Religion
- Affiliation: Buddhist
- Deity: unknown
- Rite: unknown
- Status: ruins (no public facilities)

Location
- Location: Chikusei, Sakuragawa, Ibaraki
- Country: Japan
- Interactive map of Niihari temple ruins
- Coordinates: 36°20′43″N 140°02′31″E﻿ / ﻿36.34528°N 140.04194°E

Architecture
- Completed: early Nara period

= Niihari temple ruins =

Archaeological site in Ibaraki, Japan

The Niihari temple ruins (新治廃寺跡, Niihari Haiji ato) is an archaeological site with the ruins of a Buddhist temple located in the Kujira neighborhood of the city of Chikusei, Ibaraki, Japan.

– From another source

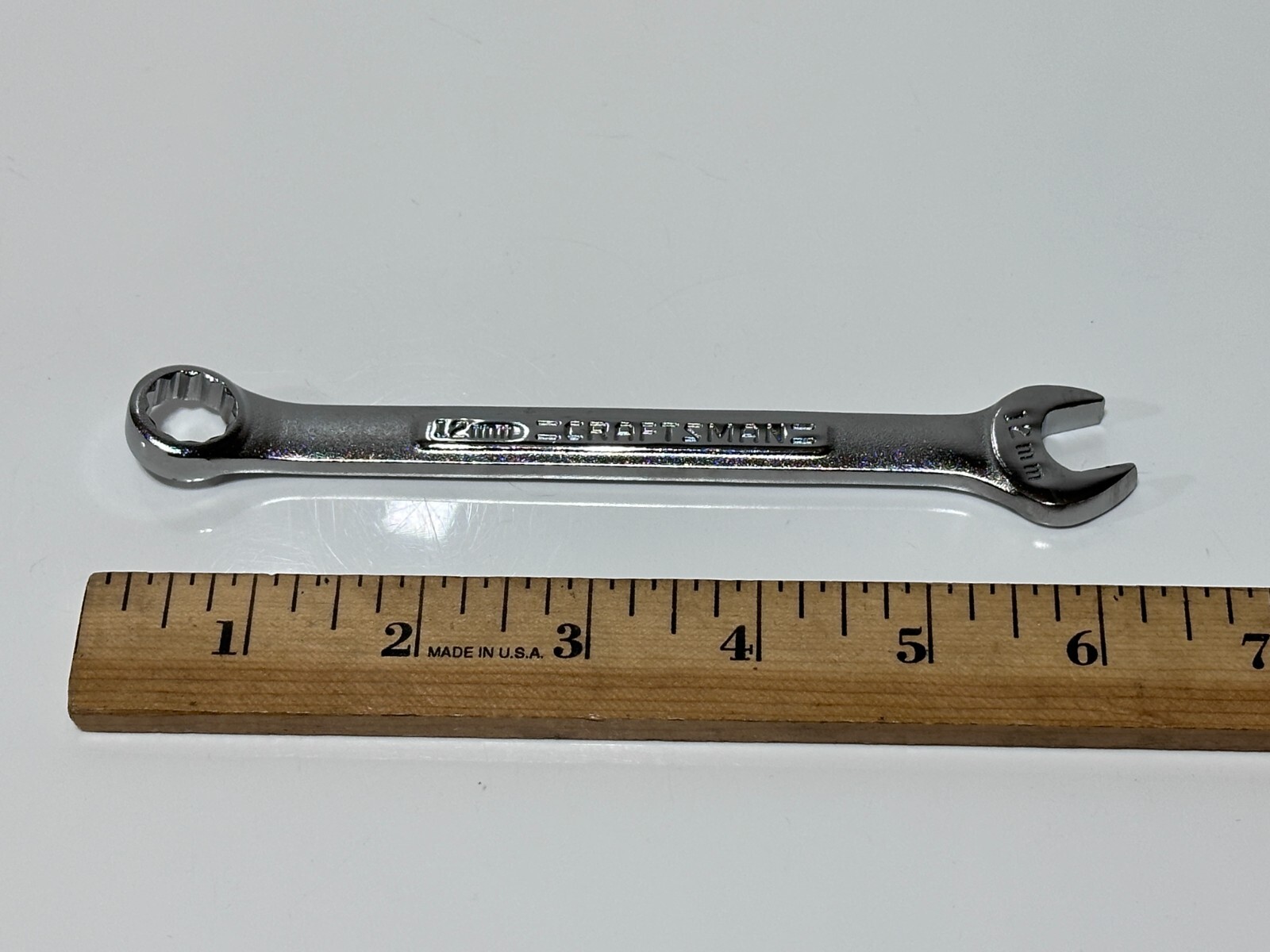 NOS Craftsman Tools USA 42916 VA 12mm Metric Combination Wrench – 12 Point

The temple no longer exists, but the temple grounds were designated a National Historic Site in 1942.

==Overview==
The Niihari temple site is located approximately 200 to 300 meters north of the Niihari Gunga ruins, and therefore is most likely the official temple associated with that Nara period country-level government administration complex. It is located on a river terrace on the bank of the Kokai River and Japan National Route 50 cuts through the southern end of the ruins. The site has been known since ancient times, and fragments of roof tiles and earthenware have been found in the locale. Three archaeological excavations from 1939 have found the foundations of the Kondō, east and west Pagodas, and Lecture Hall. A corridor from the Middle Gate surrounds the main hall and town pagodas, and connects with the lecture hall. The arrangement of structures was the same as the famed Yakushi-ji in Nara. From the numerous roof tiles uncovered, the temple also had a strong connection to the Shimotsuke Yakushi-ji which also dates from the same period, and also with the Yūki temple ruins. From the layout and artifacts, this temple ruin indicates the spread of Buddhism into the northern Kantō region from an early date, with strong Kansai influences.

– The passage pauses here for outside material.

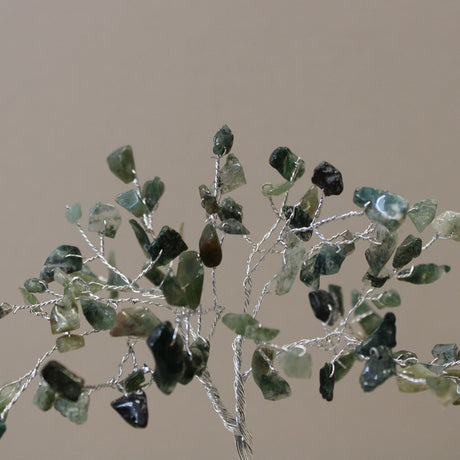 Gemstone Tree with Organite Base - 80 Stone - Moss Agate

The site was backfilled after excavation and is now an empty field with stone markers indicating they locations of the various building foundations. The site is located about 30 minutes on foot from Niihari Station on the JR East Mito Line.

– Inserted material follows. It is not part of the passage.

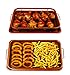 Deluxe Copper Crisper - 2-Pieces Nonstick Oven Air Fryer Pan / Tray & Mesh Basket Set - Air Fryer in Oven - Ideal for French Fry - Frozen Food , Baking Sheet without Oil by WHG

===Uenohara Tile Kiln Site===
The Uenohara Tile Kiln Site (上野原瓦窯跡) is an archaeological site with the ruins of the kiln that was used to make the roof tiles found at the Niihari temple ruins. The kiln ruin is located in the neighboring city of Sakuragawa. The large, flat-style kiln had a length of 13.8 meters and width of 3.64 meters, of which only the bottom portion has survived. The kiln ruins are part of the National Historic Site designation.